Additional Resources

 

 

 Organizing Things


Transform data into information by organizing it.

Organizing is a process of sorting, combining and labeling. It brings up the profile of otherwise invisible data. The way you organize things affects the way people interpret them.

Organizing data is like laying a filter over a lens. Some bits get blocked while others shine through. Try organizing the same data using different methods. Different attributes and messages will emerge. You will find that each method alters how the data appears as information.


Alphabetical

This works best for searchers who know the name of the thing they are looking for.
Examples: Class rosters, indexes, filing systems, street names.


Locations

Have you ever gotten lost and reached into your glove compartment to consult a folded piece of paper printed with labeled diagrams? Hello, Columbus.
Examples: maps, flow charts, network diagrams.


Time and Date

For searchers who want to synchronize with some event or thing in the future or the past.
Examples: train schedules, clock face, calendar, historical timeline.


Continuums

Any qualitative comparison can be described with a continuum. All ratings systems, whether numbers of stars or the number of RBI of a professional baseball player, indicate a value scale that can be expressed upon a continuum.
Examples: David Letterman's Top Ten List, sports polls, customer satisfaction surveys


Numbers

Numbers are ordered like alphabets They also can occur along a continuum, but they are more universal and abstract.
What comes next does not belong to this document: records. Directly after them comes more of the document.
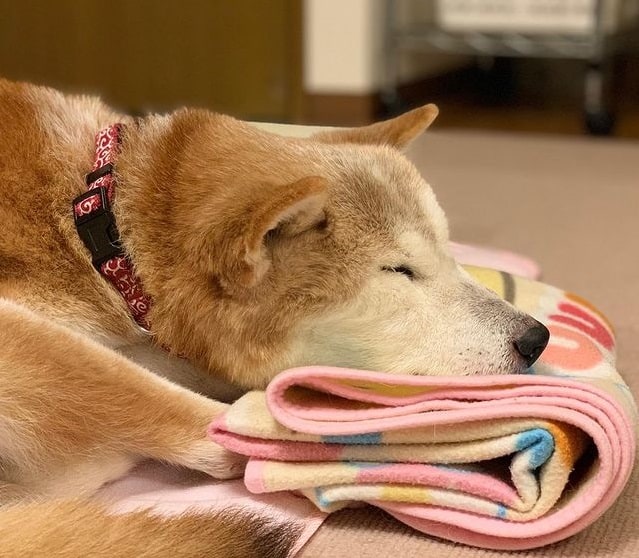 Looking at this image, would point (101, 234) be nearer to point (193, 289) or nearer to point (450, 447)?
point (193, 289)

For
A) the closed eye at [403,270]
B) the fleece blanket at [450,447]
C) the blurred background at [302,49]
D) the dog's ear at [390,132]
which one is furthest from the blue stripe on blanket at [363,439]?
the blurred background at [302,49]

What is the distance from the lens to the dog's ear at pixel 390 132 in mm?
1308

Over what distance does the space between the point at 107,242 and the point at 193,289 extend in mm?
139

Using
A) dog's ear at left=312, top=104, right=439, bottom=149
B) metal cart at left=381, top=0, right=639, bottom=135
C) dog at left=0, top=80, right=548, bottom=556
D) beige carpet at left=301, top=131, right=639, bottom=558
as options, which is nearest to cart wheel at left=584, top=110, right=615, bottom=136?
metal cart at left=381, top=0, right=639, bottom=135

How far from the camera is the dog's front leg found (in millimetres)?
1024

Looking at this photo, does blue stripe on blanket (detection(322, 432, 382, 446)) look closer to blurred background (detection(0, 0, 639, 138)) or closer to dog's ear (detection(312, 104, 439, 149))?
dog's ear (detection(312, 104, 439, 149))

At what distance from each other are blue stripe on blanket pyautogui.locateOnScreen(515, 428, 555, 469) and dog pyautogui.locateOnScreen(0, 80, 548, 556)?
0.15 m

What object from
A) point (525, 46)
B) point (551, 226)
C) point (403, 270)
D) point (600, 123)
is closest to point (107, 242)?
point (403, 270)

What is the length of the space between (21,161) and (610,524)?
812mm

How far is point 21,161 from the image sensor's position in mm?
1178

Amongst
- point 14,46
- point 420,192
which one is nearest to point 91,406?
point 420,192

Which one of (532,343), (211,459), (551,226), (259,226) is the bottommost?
(551,226)

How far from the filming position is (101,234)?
3.75 feet

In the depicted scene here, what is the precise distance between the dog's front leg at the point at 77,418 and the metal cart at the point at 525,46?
2487mm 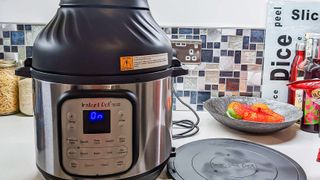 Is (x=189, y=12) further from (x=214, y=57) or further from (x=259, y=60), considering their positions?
(x=259, y=60)

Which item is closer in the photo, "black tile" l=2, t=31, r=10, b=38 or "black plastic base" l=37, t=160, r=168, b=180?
"black plastic base" l=37, t=160, r=168, b=180

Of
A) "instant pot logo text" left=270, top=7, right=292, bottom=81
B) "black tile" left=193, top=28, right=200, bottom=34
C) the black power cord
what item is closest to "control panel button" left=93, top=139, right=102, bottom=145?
the black power cord

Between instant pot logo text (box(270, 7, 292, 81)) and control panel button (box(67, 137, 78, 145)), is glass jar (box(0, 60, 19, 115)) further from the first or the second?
instant pot logo text (box(270, 7, 292, 81))

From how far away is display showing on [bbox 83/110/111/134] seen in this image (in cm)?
54

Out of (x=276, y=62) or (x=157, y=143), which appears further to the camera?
(x=276, y=62)

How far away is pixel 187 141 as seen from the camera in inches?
34.2

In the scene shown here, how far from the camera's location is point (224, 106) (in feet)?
3.39

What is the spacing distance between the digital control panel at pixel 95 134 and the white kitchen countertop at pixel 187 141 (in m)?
0.16

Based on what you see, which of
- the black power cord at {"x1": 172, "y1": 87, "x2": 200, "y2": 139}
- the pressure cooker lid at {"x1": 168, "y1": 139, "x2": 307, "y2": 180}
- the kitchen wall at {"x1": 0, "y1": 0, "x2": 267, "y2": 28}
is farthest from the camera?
the kitchen wall at {"x1": 0, "y1": 0, "x2": 267, "y2": 28}

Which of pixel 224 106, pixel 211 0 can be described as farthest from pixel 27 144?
pixel 211 0

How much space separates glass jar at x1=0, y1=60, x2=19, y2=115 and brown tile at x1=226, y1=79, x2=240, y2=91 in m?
0.67

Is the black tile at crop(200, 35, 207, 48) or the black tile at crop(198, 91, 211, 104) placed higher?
the black tile at crop(200, 35, 207, 48)

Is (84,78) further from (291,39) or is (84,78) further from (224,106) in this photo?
(291,39)

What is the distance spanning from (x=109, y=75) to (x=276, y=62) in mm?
733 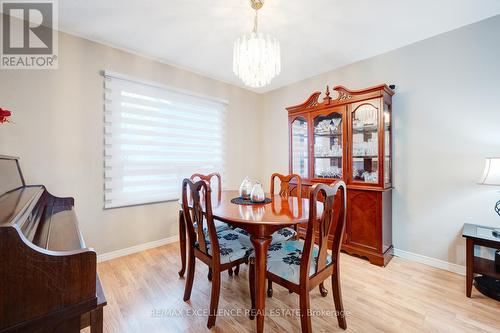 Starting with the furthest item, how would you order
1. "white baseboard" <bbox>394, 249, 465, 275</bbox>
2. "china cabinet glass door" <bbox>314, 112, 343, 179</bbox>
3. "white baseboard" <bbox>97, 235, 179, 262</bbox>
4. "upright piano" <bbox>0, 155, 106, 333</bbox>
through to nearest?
1. "china cabinet glass door" <bbox>314, 112, 343, 179</bbox>
2. "white baseboard" <bbox>97, 235, 179, 262</bbox>
3. "white baseboard" <bbox>394, 249, 465, 275</bbox>
4. "upright piano" <bbox>0, 155, 106, 333</bbox>

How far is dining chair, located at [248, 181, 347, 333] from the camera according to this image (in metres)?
1.26

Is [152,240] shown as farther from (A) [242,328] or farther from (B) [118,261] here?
(A) [242,328]

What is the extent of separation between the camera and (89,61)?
7.77 ft

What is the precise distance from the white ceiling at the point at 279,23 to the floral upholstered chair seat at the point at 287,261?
198 cm

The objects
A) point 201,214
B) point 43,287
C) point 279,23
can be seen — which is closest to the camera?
point 43,287

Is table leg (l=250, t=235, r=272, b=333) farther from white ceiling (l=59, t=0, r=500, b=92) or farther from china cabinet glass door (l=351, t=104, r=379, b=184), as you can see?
white ceiling (l=59, t=0, r=500, b=92)

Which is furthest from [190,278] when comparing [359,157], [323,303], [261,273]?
[359,157]

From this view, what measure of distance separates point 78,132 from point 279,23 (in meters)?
2.34

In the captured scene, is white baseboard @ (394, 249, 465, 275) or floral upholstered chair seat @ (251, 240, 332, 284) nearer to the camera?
floral upholstered chair seat @ (251, 240, 332, 284)

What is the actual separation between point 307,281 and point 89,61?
298 cm

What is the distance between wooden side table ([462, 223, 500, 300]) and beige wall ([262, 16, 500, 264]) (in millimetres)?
275

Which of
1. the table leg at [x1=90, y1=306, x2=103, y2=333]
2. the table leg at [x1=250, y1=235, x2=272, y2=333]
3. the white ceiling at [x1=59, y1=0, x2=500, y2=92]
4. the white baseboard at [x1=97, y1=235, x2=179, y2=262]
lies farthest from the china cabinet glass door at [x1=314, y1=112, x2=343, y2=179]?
the table leg at [x1=90, y1=306, x2=103, y2=333]

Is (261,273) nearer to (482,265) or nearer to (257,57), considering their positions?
(257,57)

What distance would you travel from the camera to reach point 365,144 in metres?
2.58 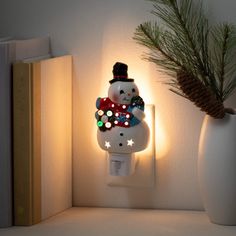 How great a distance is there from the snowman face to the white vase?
0.39 feet

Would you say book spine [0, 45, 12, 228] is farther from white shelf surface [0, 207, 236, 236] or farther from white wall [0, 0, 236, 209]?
white wall [0, 0, 236, 209]

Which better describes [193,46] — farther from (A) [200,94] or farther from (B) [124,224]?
(B) [124,224]

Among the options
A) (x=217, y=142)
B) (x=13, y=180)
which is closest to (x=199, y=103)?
(x=217, y=142)

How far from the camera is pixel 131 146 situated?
116cm

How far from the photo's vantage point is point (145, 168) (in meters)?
1.23

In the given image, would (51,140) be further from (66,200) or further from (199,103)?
(199,103)

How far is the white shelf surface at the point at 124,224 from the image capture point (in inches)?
43.2

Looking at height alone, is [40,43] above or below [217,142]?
above

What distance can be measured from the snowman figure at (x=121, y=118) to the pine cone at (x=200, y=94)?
113mm

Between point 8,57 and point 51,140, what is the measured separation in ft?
0.52

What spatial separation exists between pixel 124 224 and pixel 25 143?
191 millimetres

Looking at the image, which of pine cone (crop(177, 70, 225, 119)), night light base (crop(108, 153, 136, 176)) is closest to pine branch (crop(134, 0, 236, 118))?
pine cone (crop(177, 70, 225, 119))

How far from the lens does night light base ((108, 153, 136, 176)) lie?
3.85 ft

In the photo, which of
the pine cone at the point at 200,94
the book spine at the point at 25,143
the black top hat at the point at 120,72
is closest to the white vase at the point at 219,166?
the pine cone at the point at 200,94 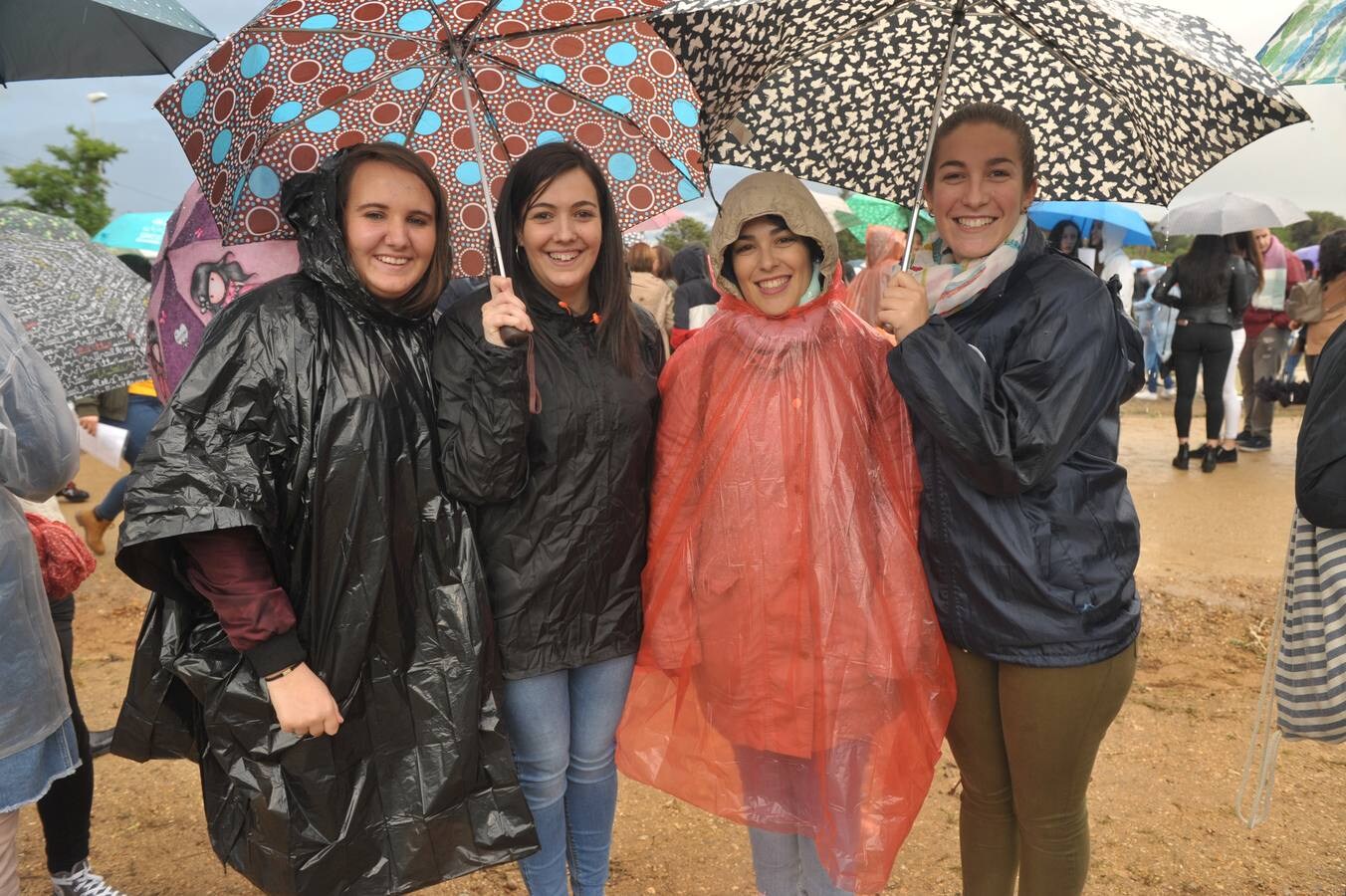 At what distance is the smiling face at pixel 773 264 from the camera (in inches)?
83.5

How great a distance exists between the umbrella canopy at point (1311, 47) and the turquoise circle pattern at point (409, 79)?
1.96 metres

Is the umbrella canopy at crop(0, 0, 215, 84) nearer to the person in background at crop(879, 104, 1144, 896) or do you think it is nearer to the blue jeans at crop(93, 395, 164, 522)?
the person in background at crop(879, 104, 1144, 896)

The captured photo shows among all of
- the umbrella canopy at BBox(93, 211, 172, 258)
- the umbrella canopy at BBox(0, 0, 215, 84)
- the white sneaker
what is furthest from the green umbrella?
the umbrella canopy at BBox(93, 211, 172, 258)

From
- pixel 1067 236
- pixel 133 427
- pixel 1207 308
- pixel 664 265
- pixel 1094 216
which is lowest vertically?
pixel 133 427

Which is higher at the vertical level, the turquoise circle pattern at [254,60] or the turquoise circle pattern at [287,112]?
the turquoise circle pattern at [254,60]

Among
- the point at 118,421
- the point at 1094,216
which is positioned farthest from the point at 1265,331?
the point at 118,421

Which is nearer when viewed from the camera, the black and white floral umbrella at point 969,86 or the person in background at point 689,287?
the black and white floral umbrella at point 969,86

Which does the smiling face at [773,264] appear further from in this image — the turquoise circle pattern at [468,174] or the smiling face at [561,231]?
the turquoise circle pattern at [468,174]

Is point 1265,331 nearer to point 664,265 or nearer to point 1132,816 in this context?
point 664,265

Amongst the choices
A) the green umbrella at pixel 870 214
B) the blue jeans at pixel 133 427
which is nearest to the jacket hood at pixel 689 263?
the green umbrella at pixel 870 214

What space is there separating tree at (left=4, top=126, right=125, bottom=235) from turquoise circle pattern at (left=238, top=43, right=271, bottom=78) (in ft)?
86.7

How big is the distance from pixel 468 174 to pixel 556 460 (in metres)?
0.96

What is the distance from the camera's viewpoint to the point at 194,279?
2.80 m

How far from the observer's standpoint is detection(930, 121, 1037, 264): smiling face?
204cm
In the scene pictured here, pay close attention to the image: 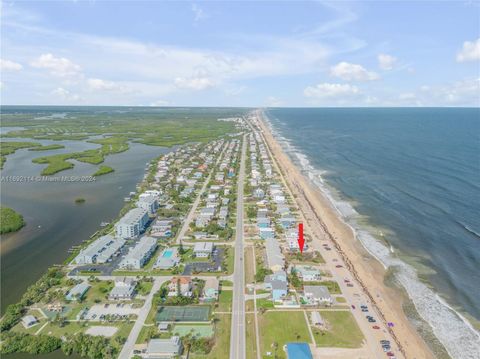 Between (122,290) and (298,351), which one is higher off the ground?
(122,290)

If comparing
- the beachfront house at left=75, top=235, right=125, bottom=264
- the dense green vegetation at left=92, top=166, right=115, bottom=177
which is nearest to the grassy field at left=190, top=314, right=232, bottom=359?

Because of the mathematical relationships numbers share, they can be combined and organized in infinitely different and meaningful ways.


Categories

Use this method when you have to group information into categories that are considered important in some way. Carefully considered categories take on a transparency that appeals to common sense. Defining the specific categories is crucial, as this method communicates the designer's prejudices and (mis)understandings more easily than any other organization.


Randomness
While random or arbitrary organizations might not seem a useful way to organize things or "add value" to them, it is sometimes the best way if a challenge of some kind is involved. Consider games. Some begin in a state of organization and gradually move towards chaos (chess). Others do the exact opposite, reversing the polarity from randomness back to organization (solitaire.)